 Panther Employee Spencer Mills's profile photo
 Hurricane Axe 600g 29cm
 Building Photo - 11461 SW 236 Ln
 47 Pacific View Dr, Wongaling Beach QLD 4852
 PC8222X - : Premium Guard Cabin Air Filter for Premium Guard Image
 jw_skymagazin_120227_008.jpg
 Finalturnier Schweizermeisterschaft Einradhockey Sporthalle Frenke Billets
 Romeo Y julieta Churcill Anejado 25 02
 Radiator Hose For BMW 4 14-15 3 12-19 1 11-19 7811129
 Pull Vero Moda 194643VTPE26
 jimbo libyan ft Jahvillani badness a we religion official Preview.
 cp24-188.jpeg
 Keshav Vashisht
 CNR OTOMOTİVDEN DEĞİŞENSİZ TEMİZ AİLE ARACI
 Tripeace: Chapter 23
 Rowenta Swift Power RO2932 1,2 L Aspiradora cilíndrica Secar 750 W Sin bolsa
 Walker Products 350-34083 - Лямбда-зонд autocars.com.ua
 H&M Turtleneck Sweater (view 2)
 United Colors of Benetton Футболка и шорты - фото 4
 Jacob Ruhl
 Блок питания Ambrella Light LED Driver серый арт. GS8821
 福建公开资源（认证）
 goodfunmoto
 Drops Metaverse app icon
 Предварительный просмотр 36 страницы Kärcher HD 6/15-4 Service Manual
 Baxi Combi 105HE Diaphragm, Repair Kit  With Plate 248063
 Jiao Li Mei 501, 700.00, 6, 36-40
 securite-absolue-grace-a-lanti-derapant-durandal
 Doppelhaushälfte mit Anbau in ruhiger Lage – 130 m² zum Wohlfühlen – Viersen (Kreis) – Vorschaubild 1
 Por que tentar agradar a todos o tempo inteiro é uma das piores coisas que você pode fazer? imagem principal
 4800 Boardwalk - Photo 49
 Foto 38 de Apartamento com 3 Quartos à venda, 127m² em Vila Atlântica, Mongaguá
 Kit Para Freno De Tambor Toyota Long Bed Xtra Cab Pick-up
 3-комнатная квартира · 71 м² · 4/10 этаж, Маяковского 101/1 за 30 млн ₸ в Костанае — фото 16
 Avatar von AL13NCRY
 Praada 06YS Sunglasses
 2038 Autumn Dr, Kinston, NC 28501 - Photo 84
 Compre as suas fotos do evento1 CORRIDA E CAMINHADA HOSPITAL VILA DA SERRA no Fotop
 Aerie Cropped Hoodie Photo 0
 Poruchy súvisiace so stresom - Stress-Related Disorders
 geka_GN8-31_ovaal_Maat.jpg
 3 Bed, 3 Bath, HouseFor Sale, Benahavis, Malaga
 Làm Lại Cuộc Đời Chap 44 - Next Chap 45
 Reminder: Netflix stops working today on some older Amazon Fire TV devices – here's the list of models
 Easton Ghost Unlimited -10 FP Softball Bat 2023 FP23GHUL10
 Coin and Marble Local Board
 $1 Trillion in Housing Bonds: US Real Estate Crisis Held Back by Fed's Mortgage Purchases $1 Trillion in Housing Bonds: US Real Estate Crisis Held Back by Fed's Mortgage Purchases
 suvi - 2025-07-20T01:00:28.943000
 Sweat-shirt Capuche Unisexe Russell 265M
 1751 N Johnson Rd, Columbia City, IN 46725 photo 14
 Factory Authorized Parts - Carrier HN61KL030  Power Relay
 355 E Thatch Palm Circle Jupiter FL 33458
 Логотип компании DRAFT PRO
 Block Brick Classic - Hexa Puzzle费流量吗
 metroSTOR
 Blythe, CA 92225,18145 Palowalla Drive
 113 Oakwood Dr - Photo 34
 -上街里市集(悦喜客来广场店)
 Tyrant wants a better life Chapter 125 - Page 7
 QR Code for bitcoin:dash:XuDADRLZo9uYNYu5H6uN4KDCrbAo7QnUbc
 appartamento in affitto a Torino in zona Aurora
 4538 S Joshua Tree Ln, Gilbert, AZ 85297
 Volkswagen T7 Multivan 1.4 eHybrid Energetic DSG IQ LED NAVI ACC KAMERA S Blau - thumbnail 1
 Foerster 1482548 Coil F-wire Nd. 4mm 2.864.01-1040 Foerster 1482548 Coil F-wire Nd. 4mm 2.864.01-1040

------------------------------------

[TASK DESCRIPTION]: Retype only the stretch of lines above starting at the one with "goodfunmoto" and stopping at the one with "3-комнатная квартира ·", exactly as written, with both kept.

[ANSWER TO THIS TASK]:
 goodfunmoto
 Drops Metaverse app icon
 Предварительный просмотр 36 страницы Kärcher HD 6/15-4 Service Manual
 Baxi Combi 105HE Diaphragm, Repair Kit  With Plate 248063
 Jiao Li Mei 501, 700.00, 6, 36-40
 securite-absolue-grace-a-lanti-derapant-durandal
 Doppelhaushälfte mit Anbau in ruhiger Lage – 130 m² zum Wohlfühlen – Viersen (Kreis) – Vorschaubild 1
 Por que tentar agradar a todos o tempo inteiro é uma das piores coisas que você pode fazer? imagem principal
 4800 Boardwalk - Photo 49
 Foto 38 de Apartamento com 3 Quartos à venda, 127m² em Vila Atlântica, Mongaguá
 Kit Para Freno De Tambor Toyota Long Bed Xtra Cab Pick-up
 3-комнатная квартира · 71 м² · 4/10 этаж, Маяковского 101/1 за 30 млн ₸ в Костанае — фото 16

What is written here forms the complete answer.